◆ **AIM OF THE EXERCISE**:
Your answer should be an exact copy of the lines from the one containing "Kaiyi Showjet Pro 2022 #5" through the last line of the records below, without any pictures.

◆ **GIVEN ENTRIES**:
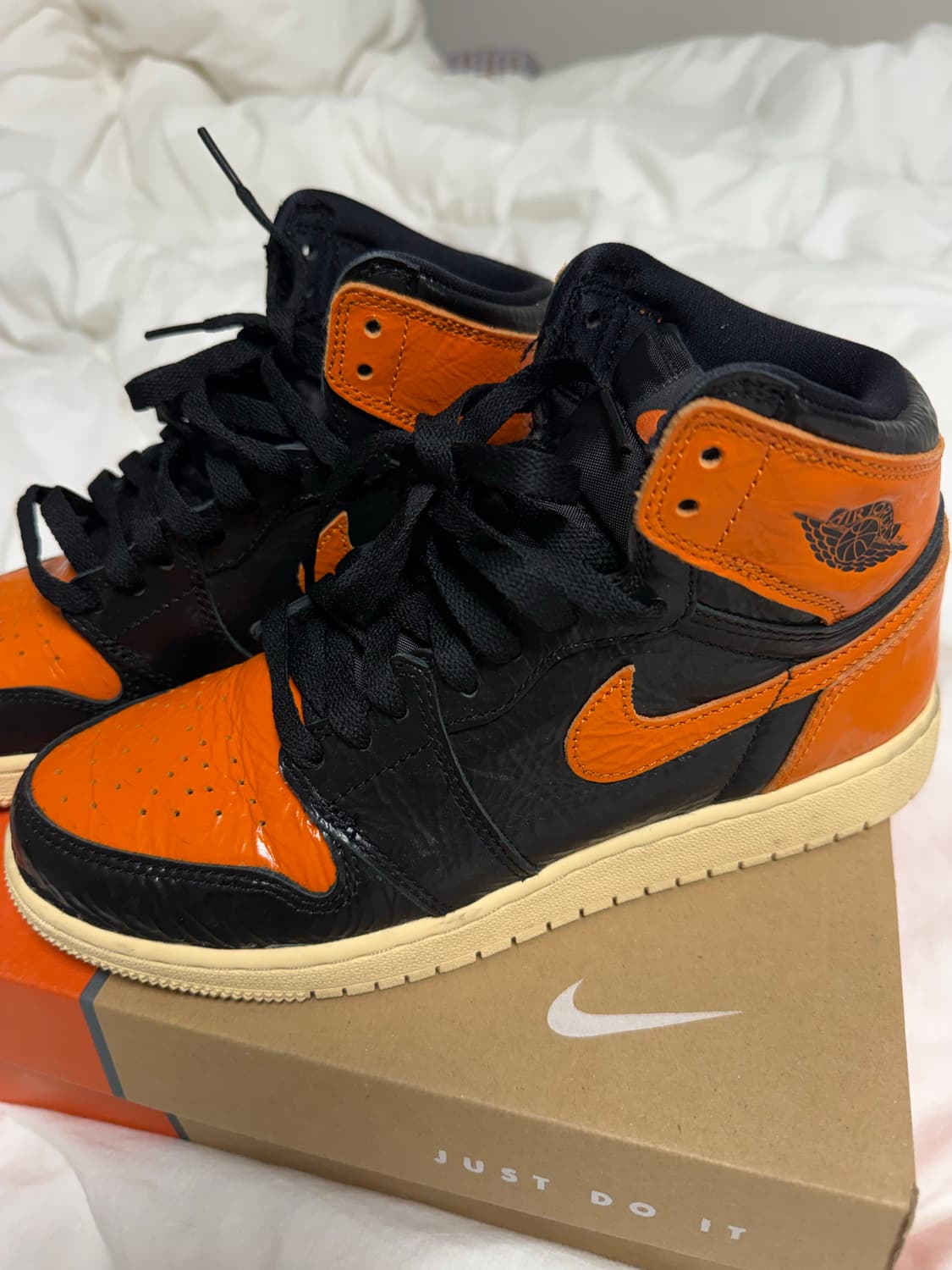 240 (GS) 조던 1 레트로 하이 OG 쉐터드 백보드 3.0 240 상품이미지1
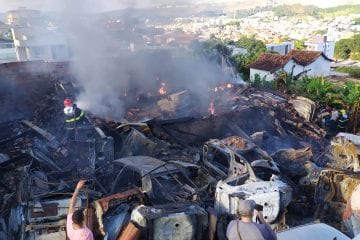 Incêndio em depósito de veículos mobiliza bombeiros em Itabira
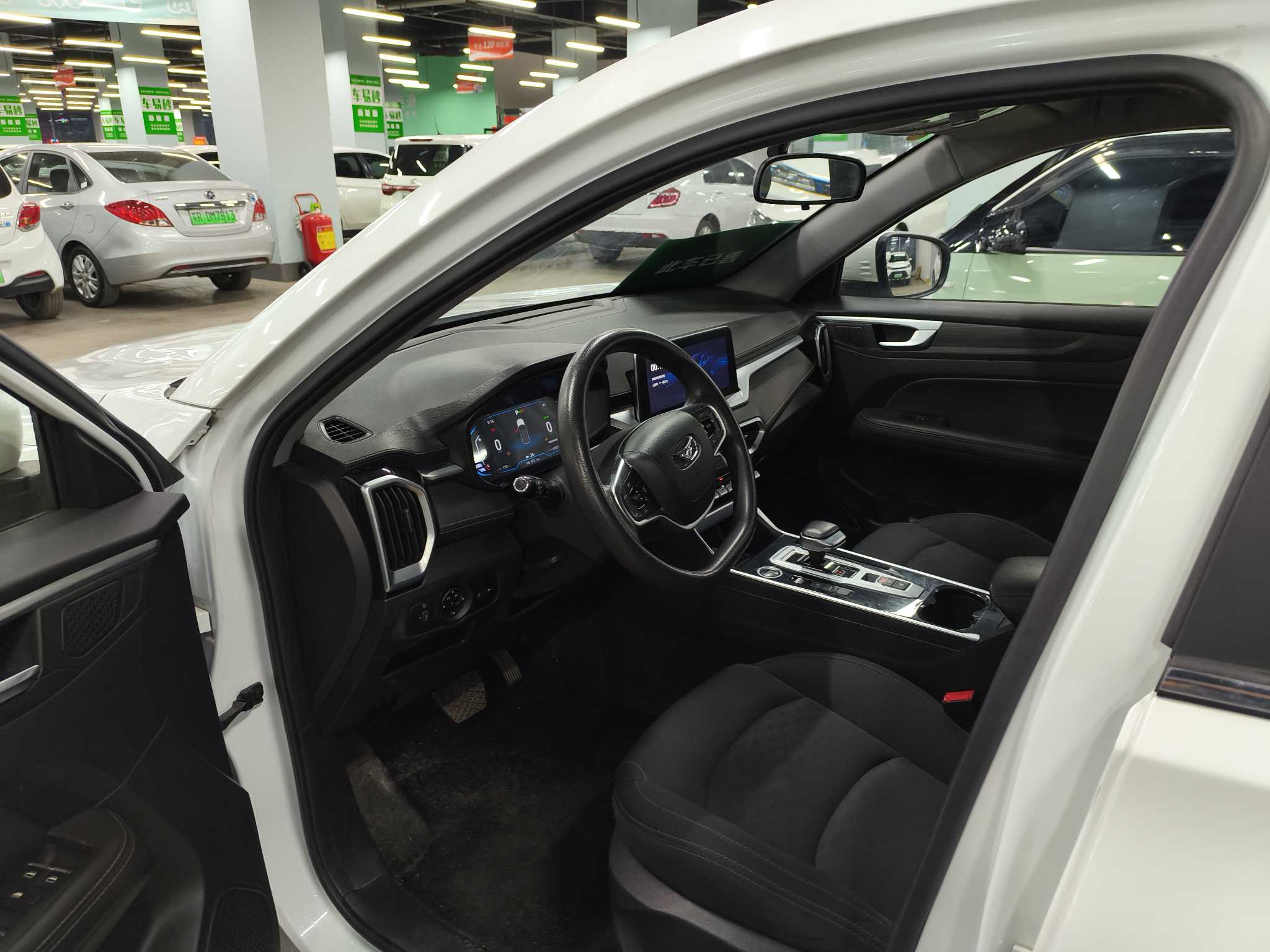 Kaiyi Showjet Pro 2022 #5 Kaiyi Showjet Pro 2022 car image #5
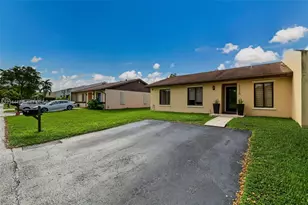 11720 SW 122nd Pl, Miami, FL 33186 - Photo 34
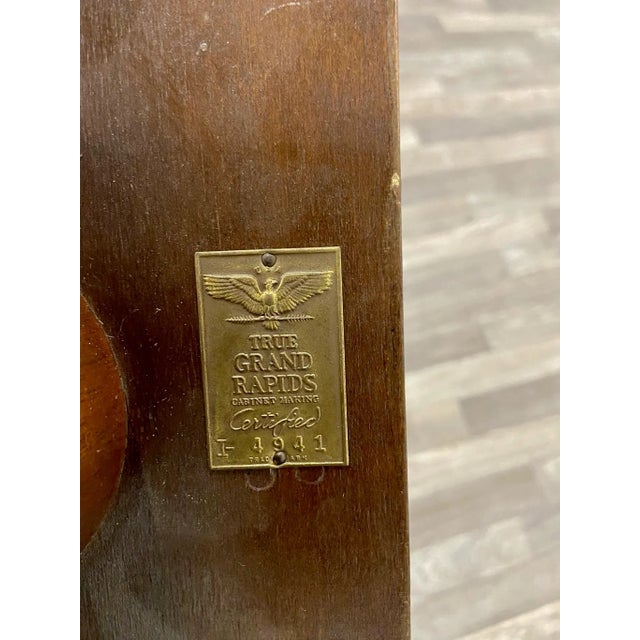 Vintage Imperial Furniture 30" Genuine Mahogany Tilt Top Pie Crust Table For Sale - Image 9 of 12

◆ **ANSWER BOX**:
 Kaiyi Showjet Pro 2022 #5 Kaiyi Showjet Pro 2022 car image #5
 11720 SW 122nd Pl, Miami, FL 33186 - Photo 34
 Vintage Imperial Furniture 30" Genuine Mahogany Tilt Top Pie Crust Table For Sale - Image 9 of 12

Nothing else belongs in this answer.